The research highlights the correlation between the diversity of counterfactual instances and the improvement in model performance. The team introduced innovative techniques, Solo-QAG and Duo-QAG, for efficient counterfactual generation, ensuring high-quality, diverse, and relevant instances. The study also found that models trained with counterfactual augmented data have better-calibrated prediction probabilities, making them more reliable in real-world scenarios.
Key takeaways:
- Researchers from the Ubiquitous Knowledge Processing Lab at the Technical University of Darmstadt have developed an approach to improve the performance of smaller language models in extractive question answering by using counterfactual instances for training.
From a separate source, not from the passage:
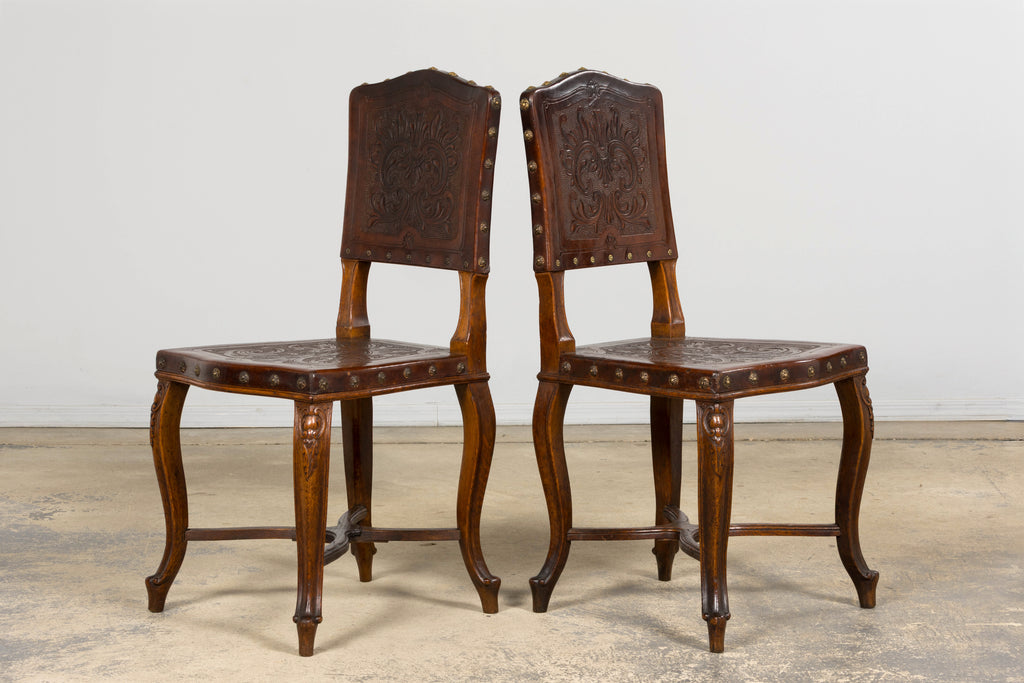 Set of 12 Late 19th Century French Renaissance Revival Carved Oak Dining Chairs with Embossed Leather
- The research indicates that the diversity of counterfactual instances, in terms of surface form and semantic content, is crucial for achieving robustness against spurious correlations and bridging data distribution gaps.
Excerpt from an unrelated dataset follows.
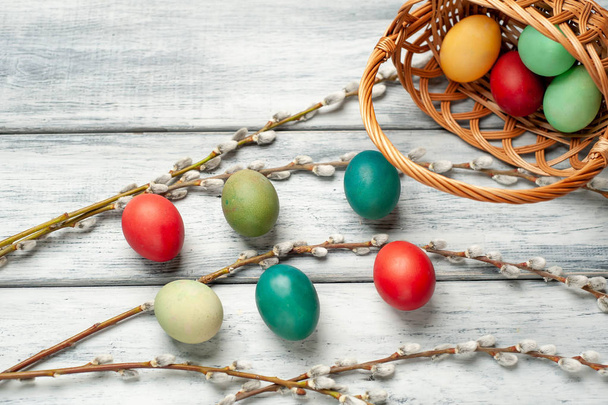 Корзина с красочными пасхальными яйцами и кисками ивы ветви на белом деревянном фоне
 - Фото, изображение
- The team introduced innovative techniques, Solo-QAG and Duo-QAG, for efficient counterfactual generation, which, along with filtering steps for quality assurance, ensure high-standard, diverse, and relevant counterfactual instances.
- Models trained with counterfactual augmented data show better-calibrated prediction probabilities, ensuring their reliability in real-world scenarios. The research also found that rationale-augmented calibrator models prefer concise explanations over comprehensive ones.